| ACTIVITY |
Would you transcribe exactly the lines from the one containing "Necoichi Raised Cat" to the last line of the data below, both ends included, but none of the pictures?

| SUPPLIED MATERIAL |
* * * *

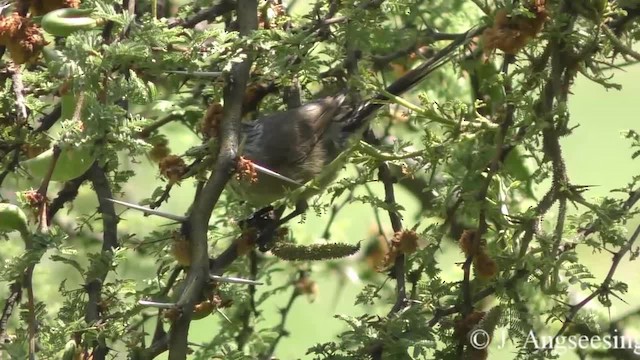 Zimtspiegel-Meisenschlüpfer (aegithaloides) - ML200777221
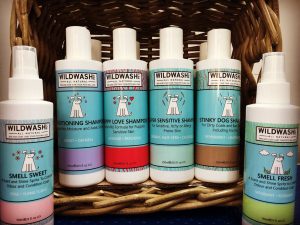 Wild Wash Dog Shampoo 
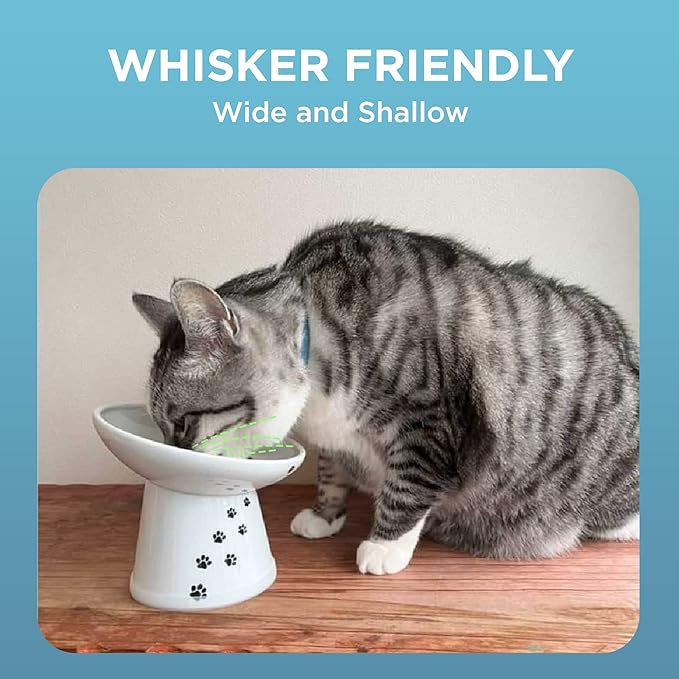 Necoichi Raised Cat Food Bowl – Ceramic Elevated 15° Tilted Cat Bowl for Whisker & Neck Fatigue, Dishwasher Microwave Safe Non-Slip Anti Vomiting Ergonomic Design (Extra Wide Tilted, 1.5-Cup Capacity)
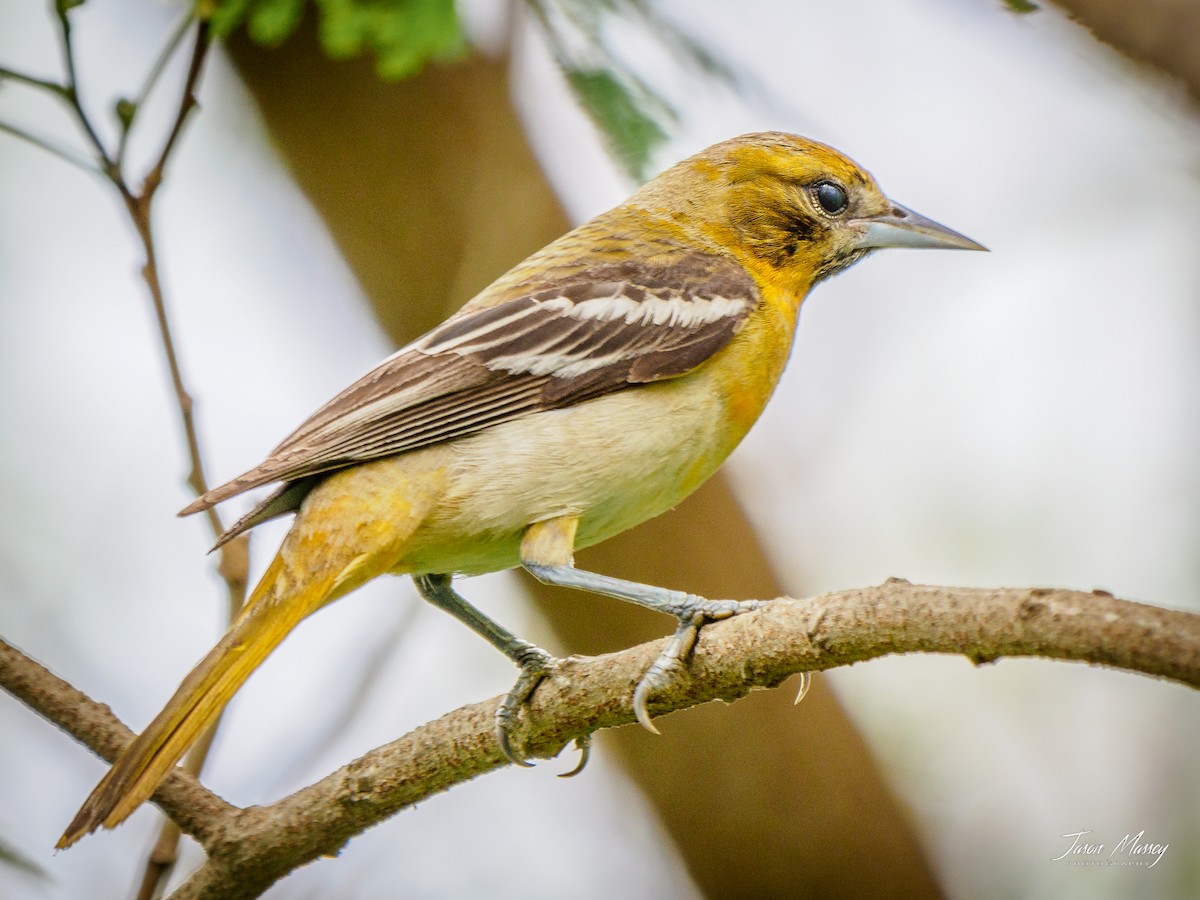 Baltimore Oriole - Jason Massey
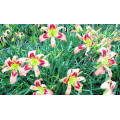 Лилейник "Hemerocallis"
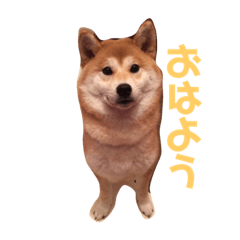 [LINEスタンプ] はなまる、はなちゃん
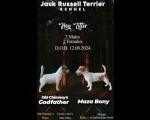 JACK RUSSELL TERIER Tarik i Troja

* * * *

| ANSWER SPACE |
 Necoichi Raised Cat Food Bowl – Ceramic Elevated 15° Tilted Cat Bowl for Whisker & Neck Fatigue, Dishwasher Microwave Safe Non-Slip Anti Vomiting Ergonomic Design (Extra Wide Tilted, 1.5-Cup Capacity)
 Baltimore Oriole - Jason Massey
 Лилейник "Hemerocallis"
 [LINEスタンプ] はなまる、はなちゃん
 JACK RUSSELL TERIER Tarik i Troja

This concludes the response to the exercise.